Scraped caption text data

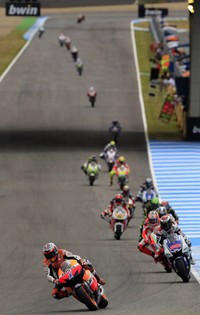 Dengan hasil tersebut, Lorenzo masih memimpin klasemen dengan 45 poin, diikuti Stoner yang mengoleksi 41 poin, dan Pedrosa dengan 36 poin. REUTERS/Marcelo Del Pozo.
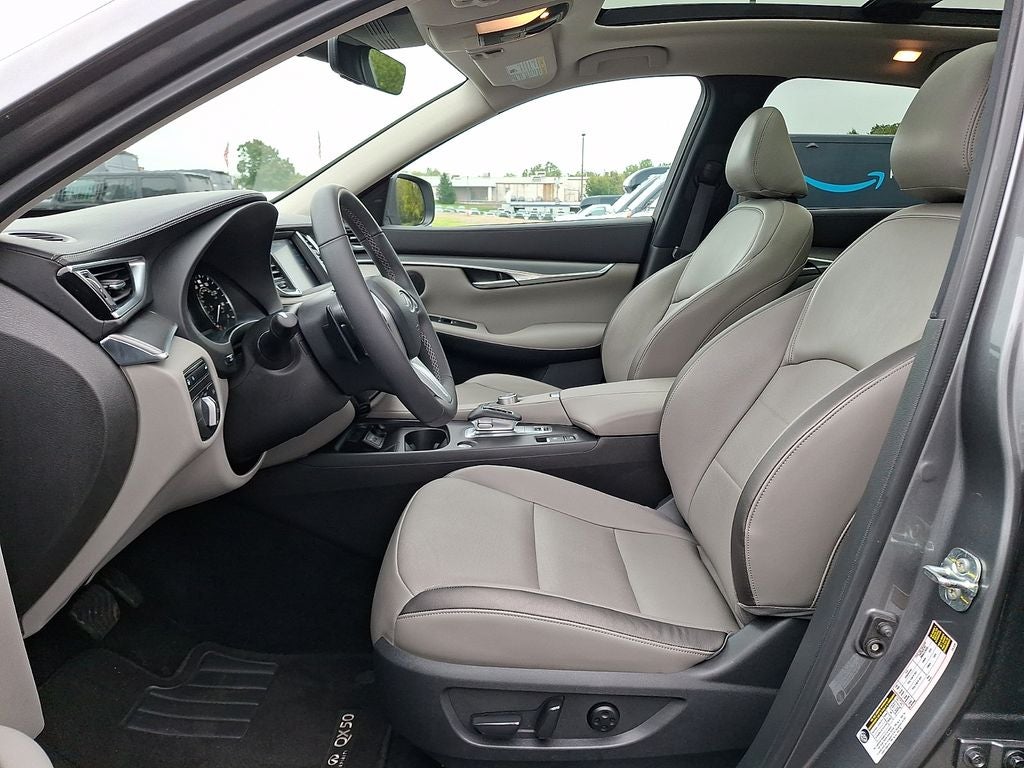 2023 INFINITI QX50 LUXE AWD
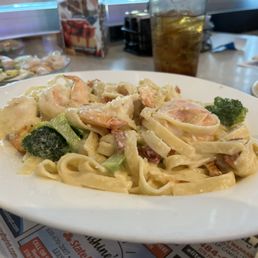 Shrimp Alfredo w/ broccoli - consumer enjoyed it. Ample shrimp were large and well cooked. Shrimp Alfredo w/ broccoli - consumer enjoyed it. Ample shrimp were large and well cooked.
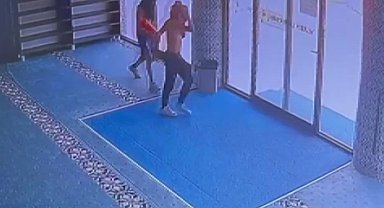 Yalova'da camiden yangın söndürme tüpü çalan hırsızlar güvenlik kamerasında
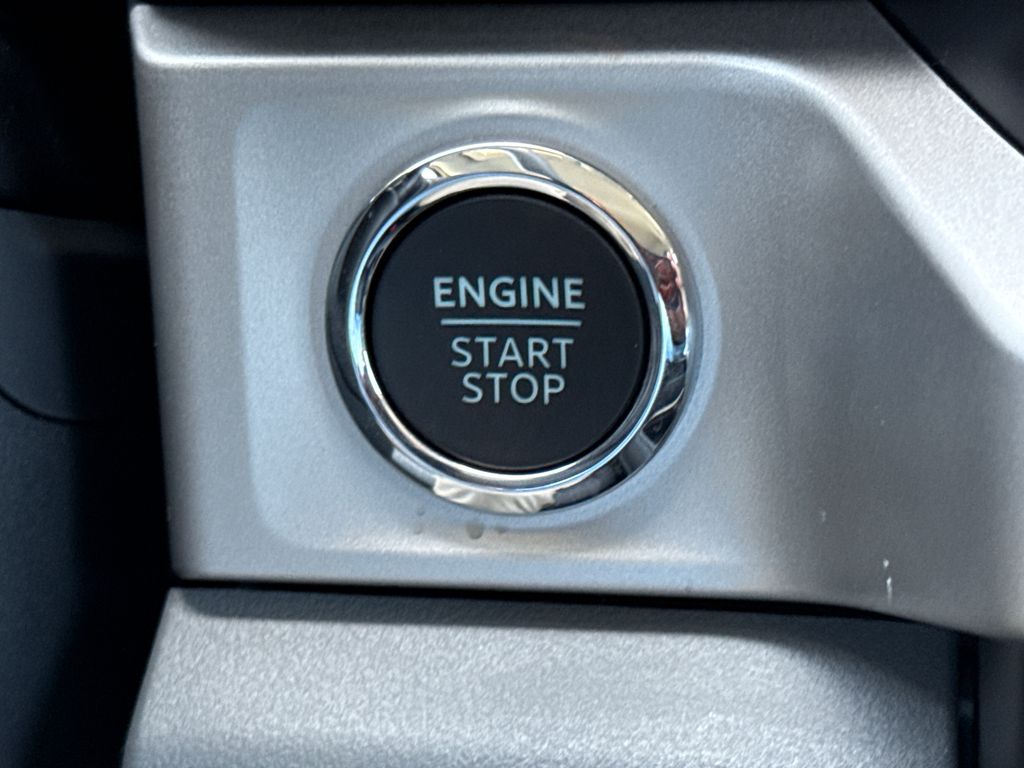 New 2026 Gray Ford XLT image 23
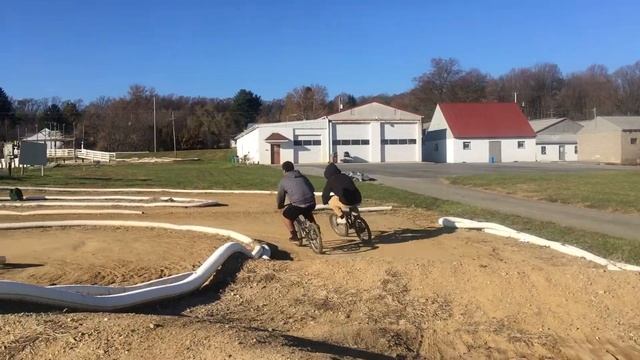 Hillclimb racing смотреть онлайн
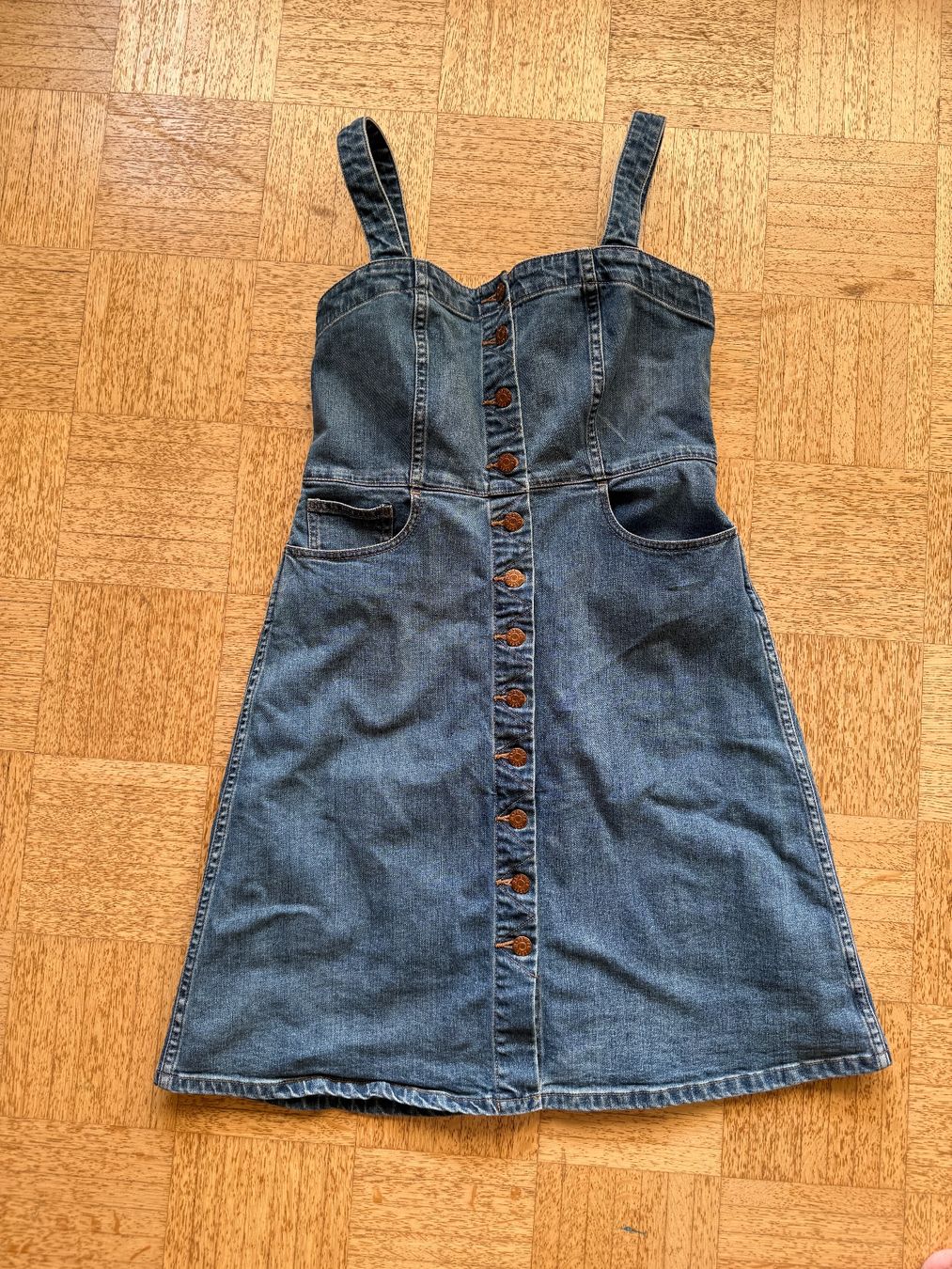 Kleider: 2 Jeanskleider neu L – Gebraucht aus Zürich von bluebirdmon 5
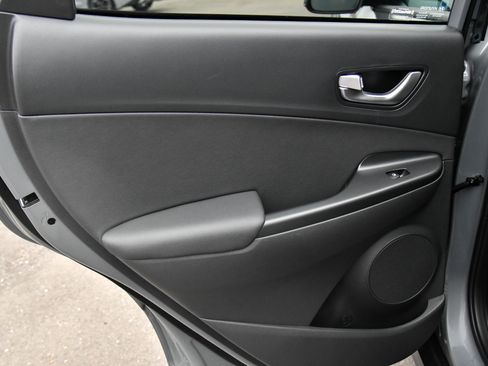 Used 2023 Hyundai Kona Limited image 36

◆ TASK PROMPT
With the images omitted, output all entries exactly as given.

◆ RESPONSE AREA
 Dengan hasil tersebut, Lorenzo masih memimpin klasemen dengan 45 poin, diikuti Stoner yang mengoleksi 41 poin, dan Pedrosa dengan 36 poin. REUTERS/Marcelo Del Pozo.
 2023 INFINITI QX50 LUXE AWD
 Shrimp Alfredo w/ broccoli - consumer enjoyed it. Ample shrimp were large and well cooked. Shrimp Alfredo w/ broccoli - consumer enjoyed it. Ample shrimp were large and well cooked.
 Yalova'da camiden yangın söndürme tüpü çalan hırsızlar güvenlik kamerasında
 New 2026 Gray Ford XLT image 23
 Hillclimb racing смотреть онлайн
 Kleider: 2 Jeanskleider neu L – Gebraucht aus Zürich von bluebirdmon 5
 Used 2023 Hyundai Kona Limited image 36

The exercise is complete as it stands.